The massive caveat to all this: ChatGPT’s data is old
ChatGPT may pull data from every corner of the internet, but it’s not today’s internet. It’s an archive from January, 2022.
To the AI’s credit, if you ask about something current it’ll often warn you of this limitation:
So what does this mean within the context of using AI to spend rewards points?
Well, considering just how fast the credit card industry moves, it means ChatGPT’s usefulness as a modern day assistant is limited. Without knowing the latest rates, fees, rewards, transfer rates, or even which rewards cards are currently available, there’s not a whole lot of guidance the chatbot can provide without some degree of uncertainty.
You can always pay $20 per month to upgrade to GPT-4 Turbo, which pulls from data as recent as April, 2023. But even then, your AI assistant may not be aware of the latest and greatest benefits, such as the World of Hyatt Business card’s temporary 75,000-point welcome bonus. So until we get an AI ravenous for real-time data, we’ll have to settle for something that’s helpful—with an asterisk.
The final verdict
ChatGPT’s ability to synthesize data from multiple sources, extract the most helpful nuggets and tie it all together in a cohesive, legible response is beyond remarkable. I threw it some moderately tough questions for this article and many of its responses looked like email responses I might’ve gotten from a colleague (though wordier, and with fewer emojis).

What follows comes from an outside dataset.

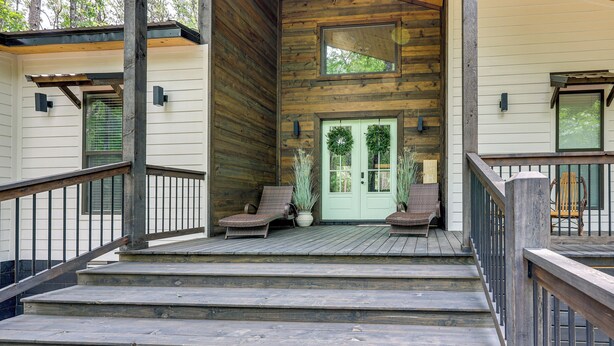 A wooden cabin with a porch, steps leading to the entrance, and two wicker chairs. - Family-friendly Broken Bow Home w/ Deck & Grill! (Broken Bow)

But the chatbot’s inability to incorporate data from the last nine months is a severe and subjectively deal-breaking limitation when it comes to offering credit card advice. With benefits and rewards constantly coming and going on a weekly basis, you’re still going to need someone (or something) who can process that data in real-time, producing hot-and-fresh recommendations that can save you time, money and points.
So until the machines rise up to replace us, Fortune Recommends is here to help.